Keegan Hines

Identifiability paper is out

Our paper about parameter identifiability is out in the March issue of JGP. Here's the basic summary - you might make some measurement in order to learn something about the world, but in many cases the thing you measured simply cannot tell you anything useful about what you were interested in. Slightly more detailed explanation below.

In biophysics research, we commonly try to build accurate mathematical models of biological systems. These models are inevitably composed of parameter which represent biophysical quantities of interest, such as a transition rate, free energy, or binding affinity. Those biophysical quantities cannot be measure directly, but must be inferred indirectly by fitting some mechanistic model to something that we can measure. One would hope that get good agreement between the model and the measured data would yield an accurate estimate of the model parameters. In this paper, we point out that this might not be so, as the parameters may not be identifiable. In this situation, many values of the parameters (possibly infinitely many) would produce identically good fits to the measured data. Therefore, performing the measurement has provided no useful information with respect to accurately estimating the parameter values.

Here's a quick example. If we're interested in receptor proteins (and other ligand binding systems), we might measure a binding curve. This curve measures, as a function of ligand concentration, the fractional occupancy of the binding sites on the receptor. Can we use the binding curve to estimate the binding affinities of the sites on the receptor?
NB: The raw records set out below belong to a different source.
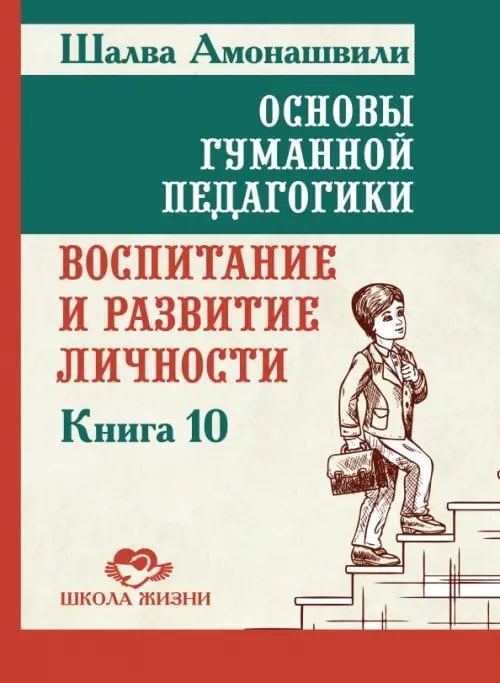 Обложка книги «Основы гуманной педагогики. Книга 10. Воспитание и развитие личности» — Амонашвили Шалва Александрович, ISBN 9785002284450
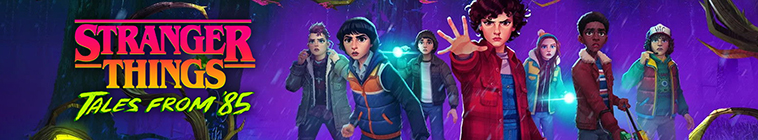 دانلود سریال Stranger Things: Tales from 85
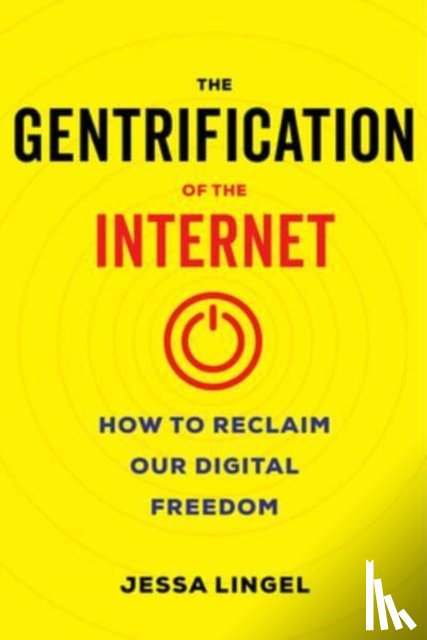 Lingel, Jessa - The Gentrification of the Internet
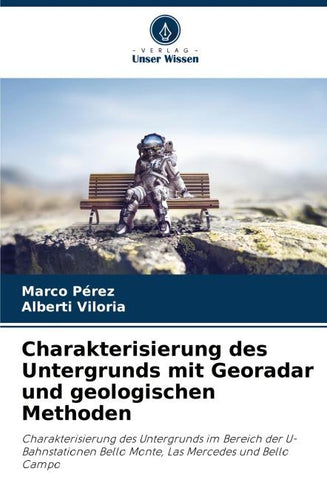 Charakterisierung des Untergrunds mit Georadar und geologischen Methoden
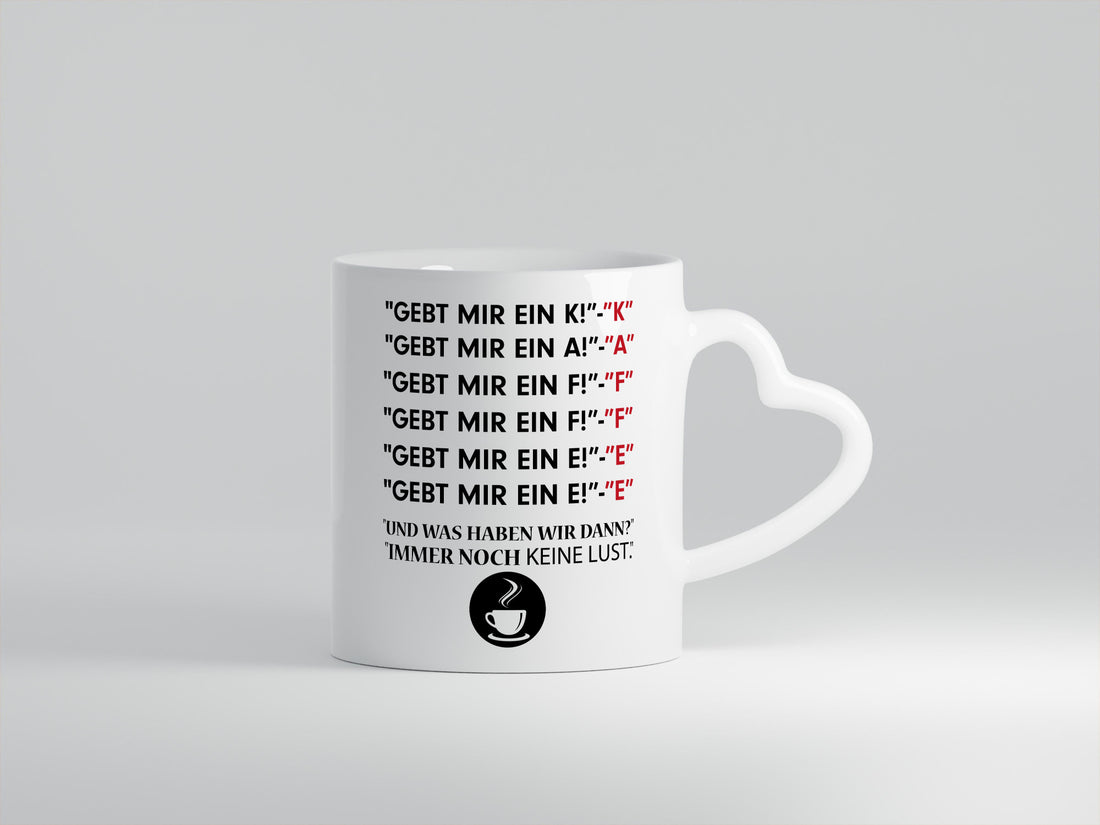 Keine Lust | Kaffeetrinker Tasse Büro Spruch Witz Humor Arbeit Kollegen
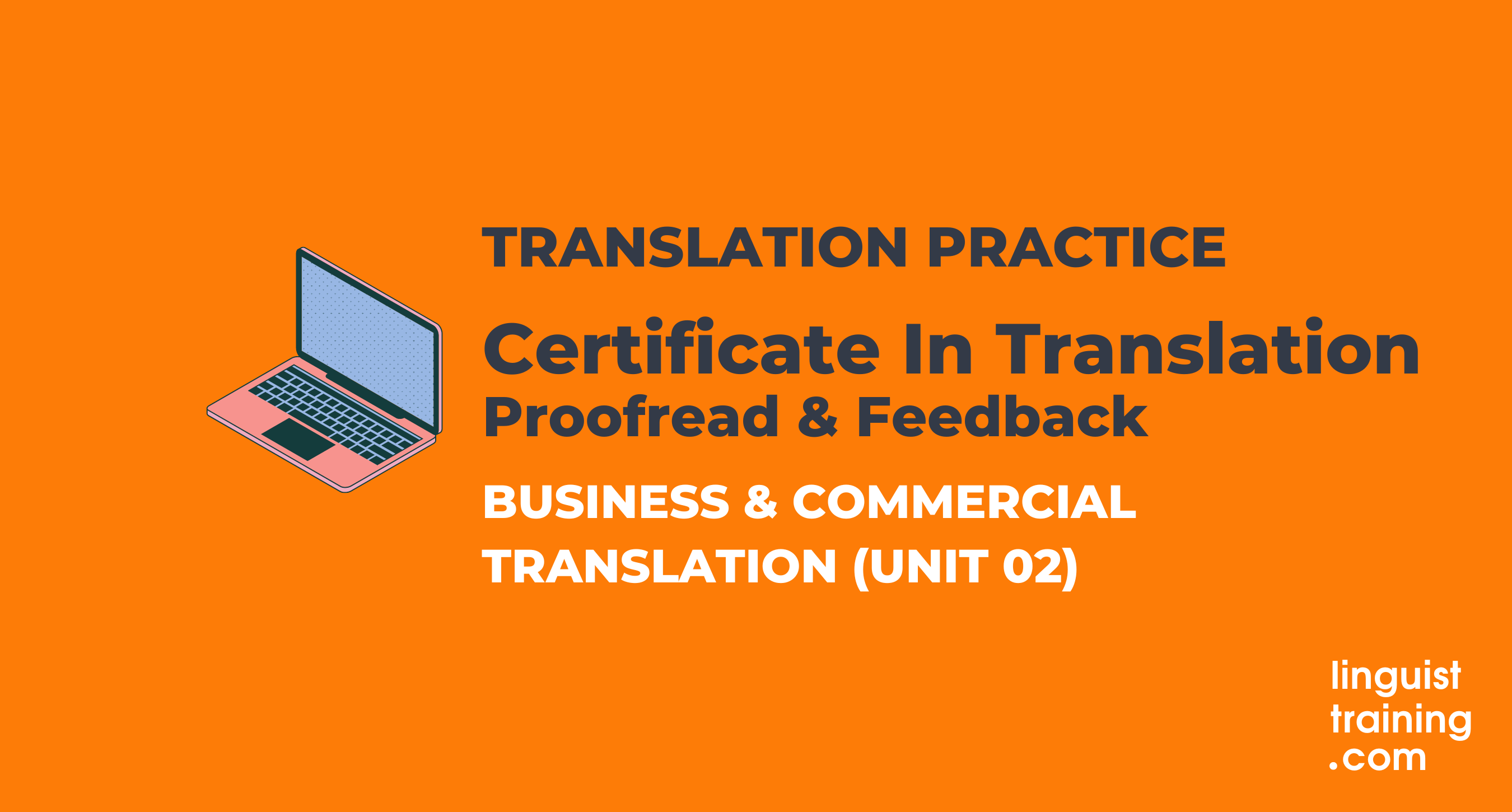 CertTrans Translation Practice Unit 02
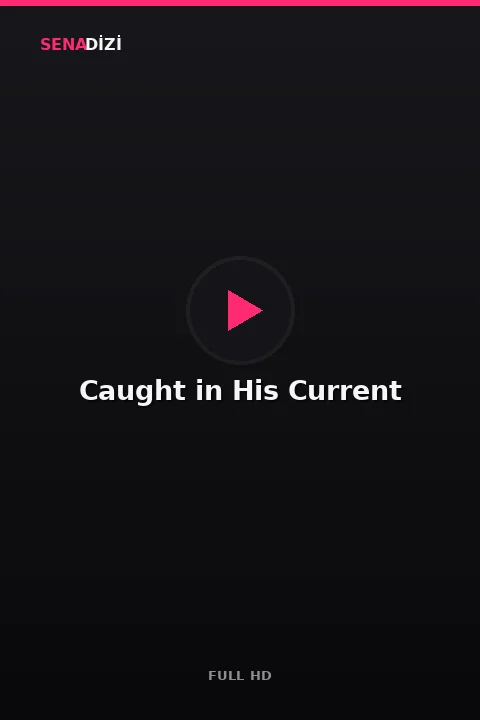 Caught in His Current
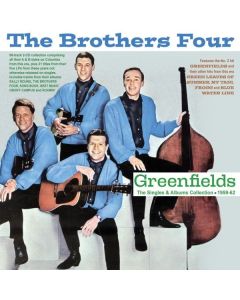 Brothers Four - Greenfields: The Singles & Albums Collection 1959 - 1962 CD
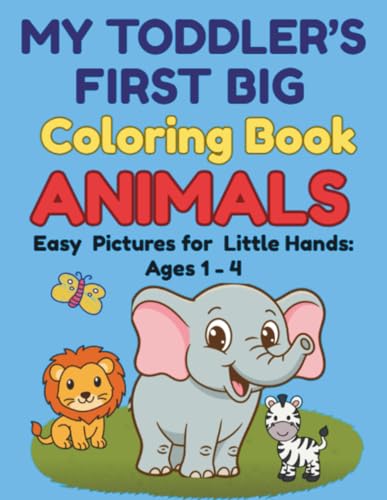 My Toddler's First Big Coloring Book Animals: Easy Pictures for Little Hands Ages 1 - 4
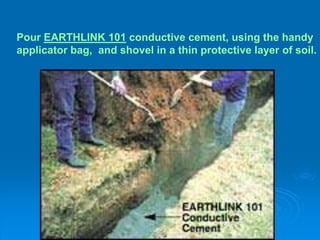 Pour EARTHLINK 101 conductive cement, using the handy
applicator bag, and shovel in a thin protective layer of soil.
 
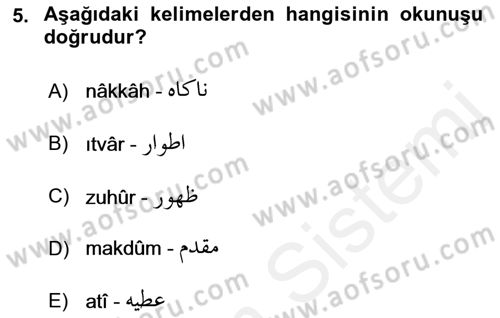 Osmanlı Türkçesi Metinleri 1 Dersi 2018 - 2019 Yılı (Final) Dönem Sonu Sınav Soruları 5. Soru
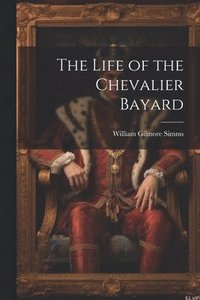 bokomslag The Life of the Chevalier Bayard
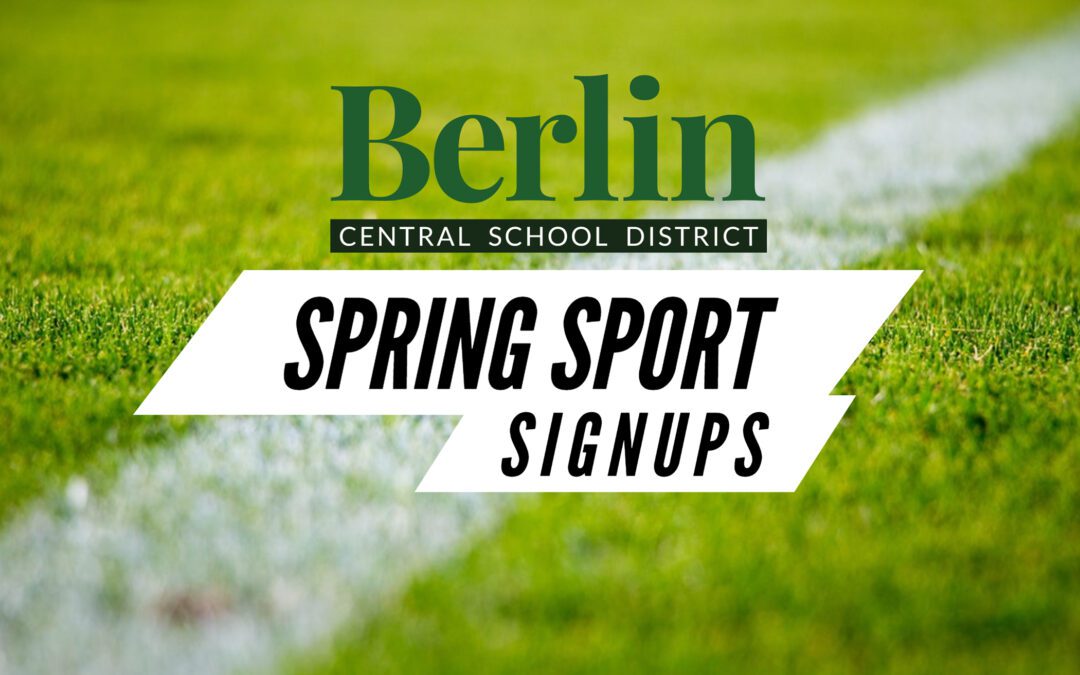 Attention Berlin Student Athletes: Sign Up for Spring Sports ASAP!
Imagine we have a receptor with two binding sites, each of which might have different affinity. Our model then imagines that the ligands can bind to one of the two sites and the probability of binding depends on the affinities of each sites and on the concentration of ligand. In this case, the two affinities are free parameters which we hope to estimate by fitting our model to a measured binding curve. The interactive below allows us to visualize the problem of parameter non-identifiability.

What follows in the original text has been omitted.